Wednesday, September 20, 2006

Siete días con la hora equivocada

Esta vez no tuve problemas de homonimia. Vacié mis bolsillos sobre el táper y me quité la casaca mecánicamente, pasé por la puerta chillona, levanté los brazos. El procedimiento ya no me sorprende ni me fastidia, miré con ojos cansados al oficial -antes les sonreía y saludaba- recojí mis cosas y seguí caminando hacia la última sala de espera. Llamaron a primera clase. Cargaba apenas una mochila. A mi costado, una familia disfrutaba sus últimos minutos en Lima. Franceses. Un ejecutivo hablaba por su celular. Alemán. Dos jóvenes conversaban cansados. Ingleses. Yo dormité un poco. Llamaron a mi fila.
Fueron 18 horas de viaje con dos escalas. Una señora rusa me preguntó si podría cambiar de asiento conmigo. Me tocó una chica venezolana. Ella viajaría más lejos aún, hasta Dubai, su esposo a quien no veía desde hace cinco meses trabaja para una empresa petrolera allá y ella renunciaba a Puerto Ordaz para reunirse con él, ahorrar dinero durante cinco o seis años para luego regresar a poner algún negocio en su país. Lamentaba lo de su perrita. Un año entero, con dos viajes a Caracas incluidos, para sacar los permisos necesarios para poder viajar con ella, para que al tratar de abordar le dijeran que necesitaba una última vacuna y que ya no había forma de obtenerla. Tener que correr al área de vuelos nacionales y mandar a su Laika de regreso a su ciudad, llamar entre lágrimas a su madre para que la recoja en el aeropuerto y que la cuide, y que no puede viajar, la pobre.

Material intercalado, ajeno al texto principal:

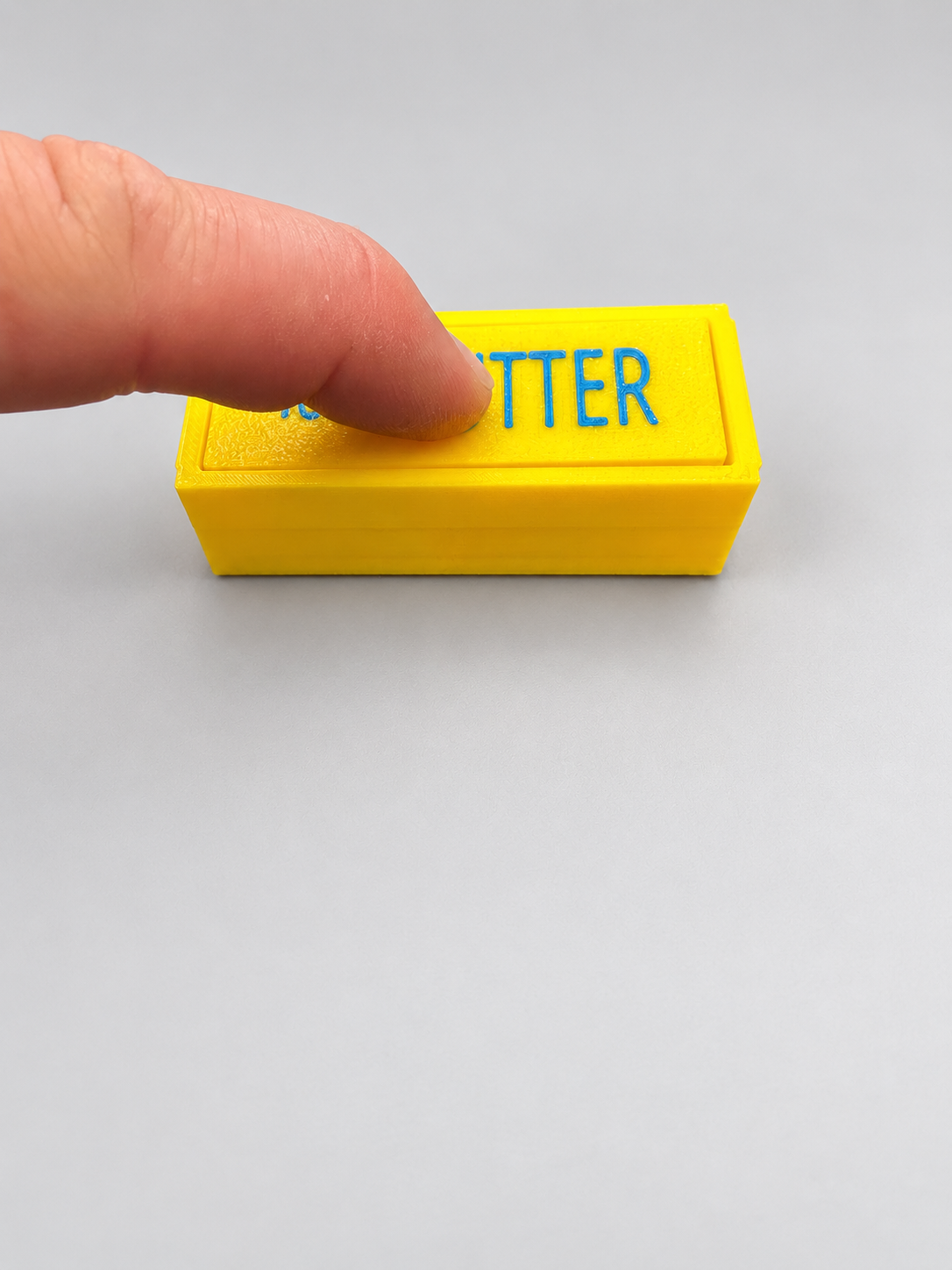 Yellow butter clicker being pressed to demonstrate the clicking mechanism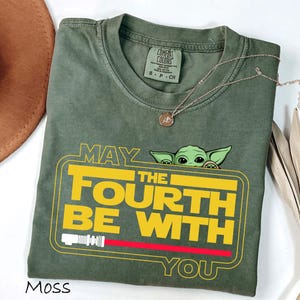 May include: A moss green t-shirt with a yellow and red graphic that reads "MAY THE FOURTH BE WITH YOU", featuring a cartoon character. A gold necklace and a brown hat are also visible in the image.
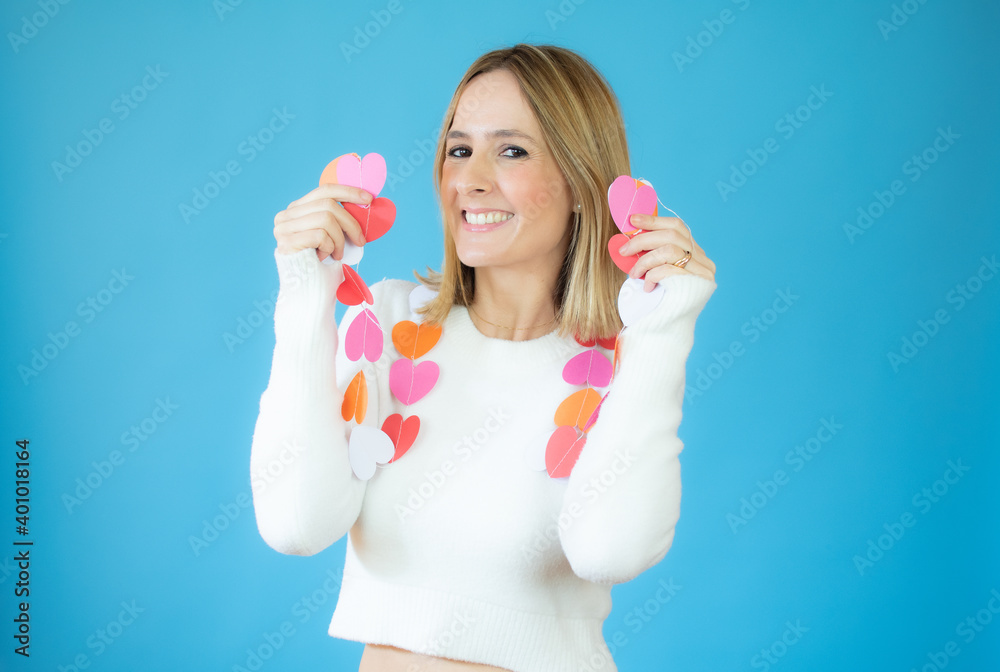 Happy young woman holding paper hearts over blue background. Happy young woman holding paper hearts over blue background.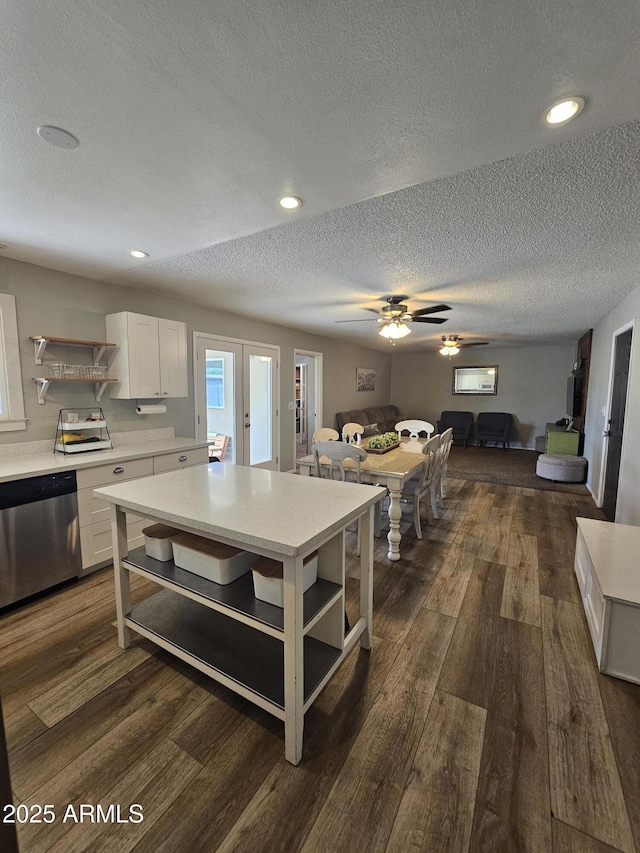 1904 E Jarvis Ave, Mesa, AZ 85204 - kitchen featuring open shelves, dishwasher, open floor plan, light countertops, and a textured ceiling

Se quedó dormida y fue cayendo sobre mi hombro. Le besé la frente y sonrió en su duermevela. Cuando despertó se incomodó un poco. El ruso se había parado en medio del pasillo y pedía whisky continuamente. Cogía con algo de morbosidad a todas las mujeres que pasaban a su lado. La venezolana lo había notado. "Si me toca le meto un puñete", me dijo. Yo sonreí. El ruso comprendió su decisión. Cuando la chica le pidió permiso, se puso a un lado y ni la rozó. Minutos antes me había contado que eran sus últimas horas con jeans, con polo de manga corta y apretado, que se había mandado hacer su túnica, que no podría pintarse, ni siquiera las uñas. Que no había podido llevar un solo cuadro de Jesús, María o José. "Me gustaría verte con túnica", le dije. Se rió y adiviné en sus ojos que podría ser.
En Frankfurt le insistí. "Ok", me dijo y nos dirigimos hacia los baños. Cerramos la puerta, ingresó a uno de los casilleros y luego de un rato salió de blanco convertida en árabe. Se veía muy mona. Al ocultar sus redondeces, su rostro se hizo más bello de lo que era. Se lo dije.
Su vuelo salió primero que el mío. Cuando llegué a esta ciudad hacía un poco de frio y apenas salí del aeropuerto empezó a llover. Tome el autobus, miré el mapa, hice lo que tenía que hacer y volví a salir a la búsqueda de un hostal. Fue en vano. Tuve que entrar a una cabina, ubicar un hostal barato y escribir y publicar antes que venza la media hora. Regreso en seis días. Esta es una ciudad increiblemente cara, además de fría.